Monday, October 29, 2001 at 12:22 PM
With no incumbent on the ballot, voters in Cleveland will choose a new mayor Tuesday for the first time since 1989. Both candidates are liberal democrats in their forties. Both say if elected they'll improve education and access to healthcare. But with an electorate distracted by terrorist attacks and no clear distinctions between the candidates, for some racial differences may be a deciding factor. From member station 90.3 WCPN, Janet Babin reports.

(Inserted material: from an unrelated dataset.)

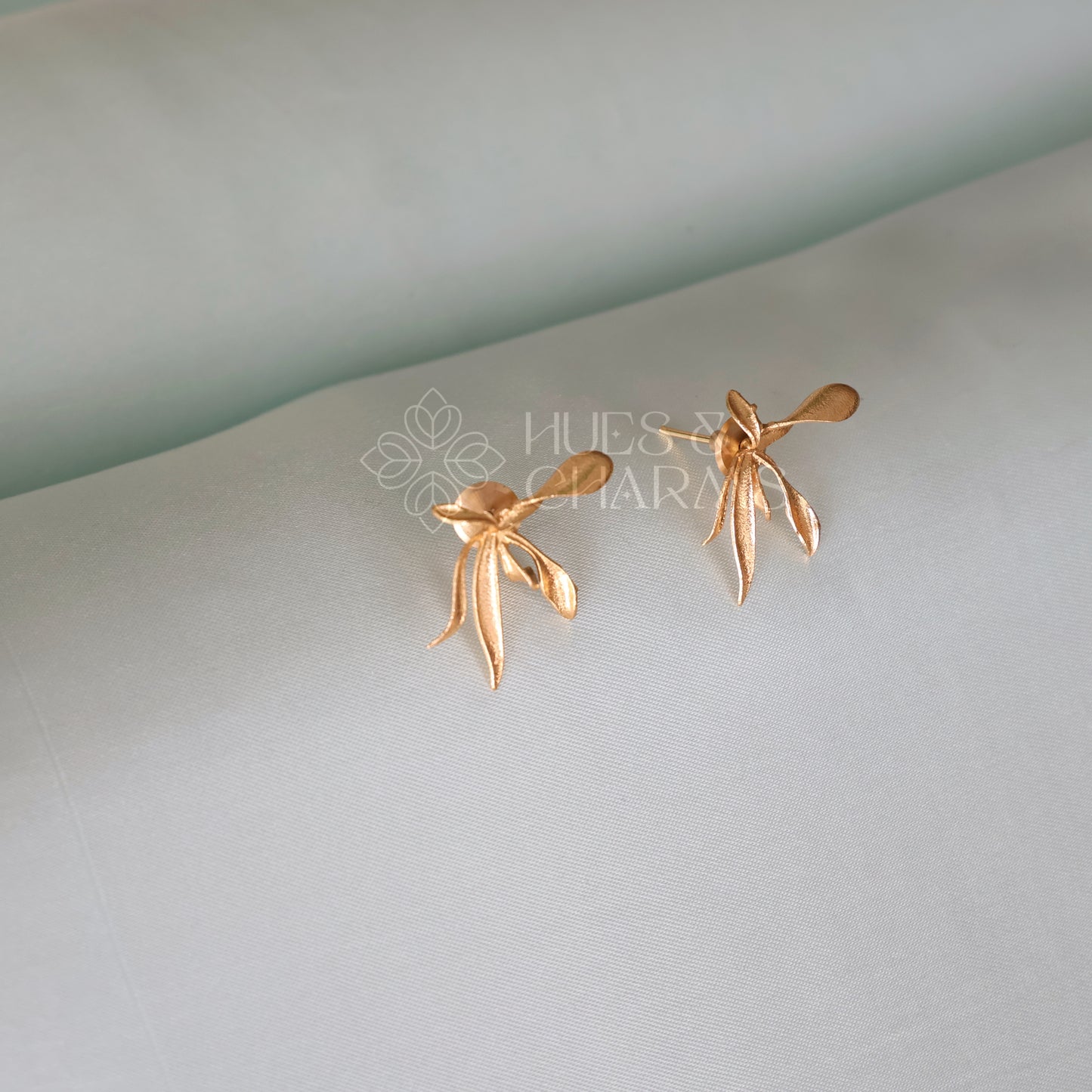 GOLDEN SYLVA STUD EARRINGS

Janet Babin- While the Cuyahoga River is perhaps best known for catching fire in the 1960s, many Clevelanders see it as a stubborn dividing line: most African Americans live east of the river. The city’s west side is overwhelmingly white. Although the mayoral candidates don’t campaign on it, and don’t want to talk about it, they’re finding support largely split along the old River lines. For Urban radio talk show host Maraafu Ojo, the electoral choice for his east side neighbors is clear.
Maraafu Ojo- We can’t allow city hall going back to white folks, that’s how this thing is gonna be sold.

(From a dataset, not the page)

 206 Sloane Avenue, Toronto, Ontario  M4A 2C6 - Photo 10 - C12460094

JB- The city’s political landscape changed dramatically this summer when Cleveland’s second black Mayor, Michael White announced he wouldn’t seek a fourth term. Serving the longest of any Cleveland Mayor, White facilitated the city’s partial comeback. What he failed to do was groom a successor.
To fill that open slot, 10 mayoral hopefuls flooded last month’s primary election, but the city’s black political insiders didn’t see a clear frontrunner. They appealed to a number of prominent African-American politicians to run, including Congresswoman Stephanie Tubbs Jones. All declined.
Tubbs Jones and other black leaders ended up endorsing a newcomer, Raymond Pierce; a former Clinton Administration appointee who’s never held elective office. Congresswoman Tubbs Jones downplayed the fact that Pierce is political neophyte:
Stephanie Tubbs Jones- Holding a prior elected office is not a prerequisite to becoming Mayor of the city of Cleveland. Hillary Clinton never held public office and she’s the Senator of the state of New York.
JB- But Cleveland State University Professor Ron Bush says Raymond Pierce’s lack of political experience points to a sense of desperation among members of Cleveland’s political machine.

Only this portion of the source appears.